Chrome is where the heart is...

They say beauty is in the eye of the beholder. Fat Chance! Beauty is sitting in a barclounger leather recliner and watching the world go past at 85 miles an hour. Of course in this 1985 Lincoln Town Car with 45k, the speedometer also happens to give out it’s all too shaky geriatric needle at 85 mph. So anything beyond that I consider ‘warp speed’ as I drive through North Georgia listening to some old time crooners from the Garden State. Speaking of that, did I mention this thing was bought new in two Jerseys? That would be Jersey City, New Jersey. As in Frank Sinatra’s hometown… the king of swing and the purveyor of all things cool. Well, that would actually be Hoboken. But close enough. Driving a Mafia and Spock sized coffin like this Lincoln is definitely a leap to my childhood in North Jersey. A friend of mine’s Dad actually became the head of the Gambino family for a short time. He’s thankfully only been in Federal prison twice so far. Then there was the house that burned down on a lot and remained a charred remnant for twenty years. A healthy reminder of who was in charge of our local government’s services.

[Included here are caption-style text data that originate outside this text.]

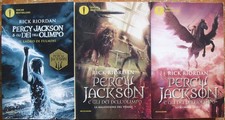 Lotto percy jackson gli - gli, dei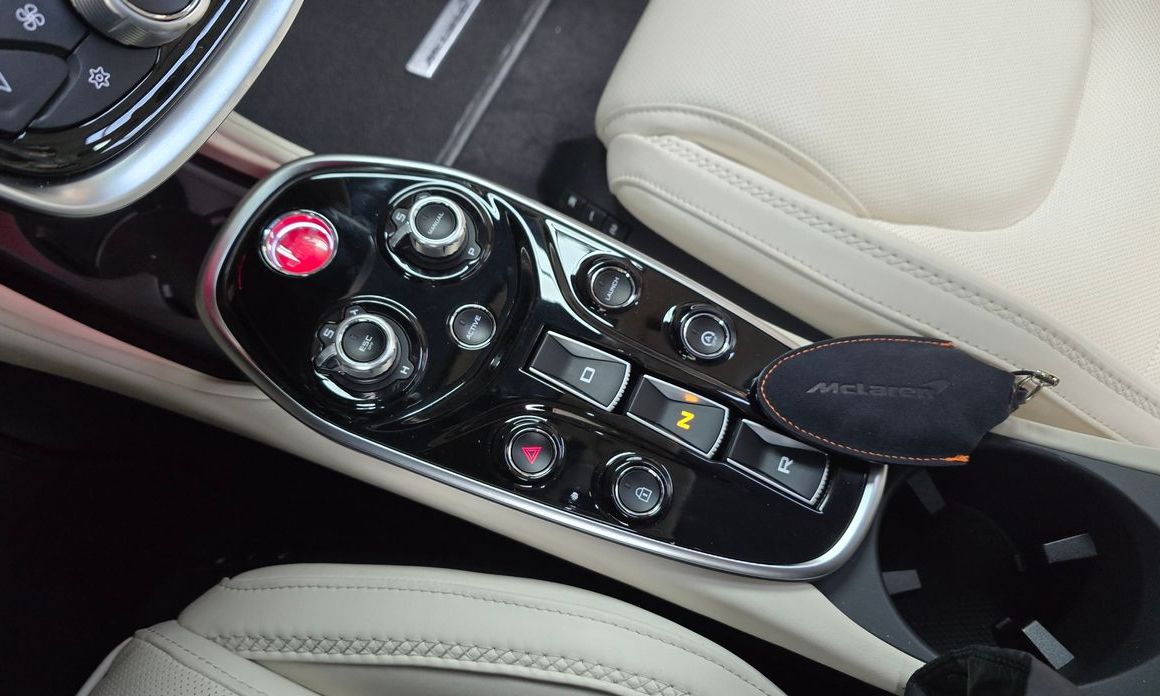 Mclaren GT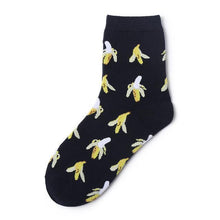 Load image into Gallery viewer, Funny Fruit Short Harajuku Socks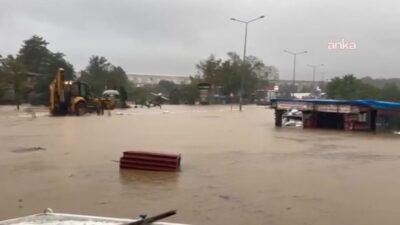 TMMOB Şehir Plancıları Odası İstanbul Şubesi Yönetim Kurulu, İstanbul'da yaşanan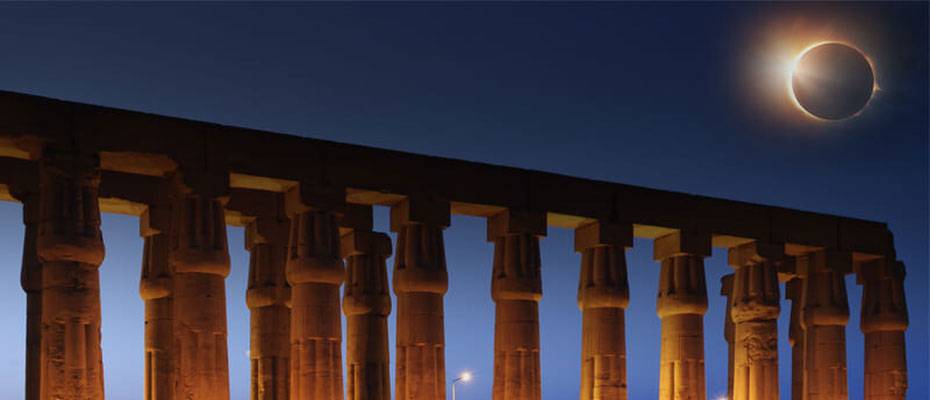 Central Holidays launches exclusive 2027 Solar Eclipse travel program in Egypt - Lesen Sie die Nachrichten?>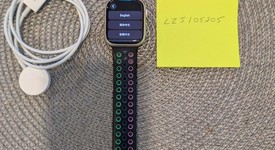 Mint
													Apple Watch Series 8 45mm - Starlight, A2771 - GPS, Aluminum, photo 5 of 5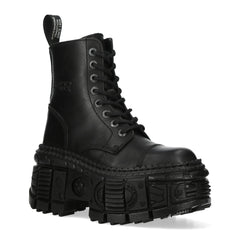 New Rock - Wall Platform Shoe M-WALL083J-C3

Finally there was my Dad’s car. The much unloved 1986 Lincoln Continental. Like that behemoth, this one boasts the very best woodgrain stickers and $20 radio that Red Poling could levy on unsuspecting older people. I’m sure that Toyota and Infiniti kicked Ford straight in the dentures once their 1st Gen luxury cars came out. But hey. If you can get past having parts that were created in at least three different decades (possibly four?), and a chassis that predated Job and possibly old Henry himself, what you still end up with is a genuine all American luxury car. In fact I like it better than the Lexus. Let me put this in a way that you truly understand what I’m sayin’ (as I inspect the trunk for a leftover shotgun or two). Perfection is boring folks. Give me character and a body… I mean keg friendly trunk any day of the week.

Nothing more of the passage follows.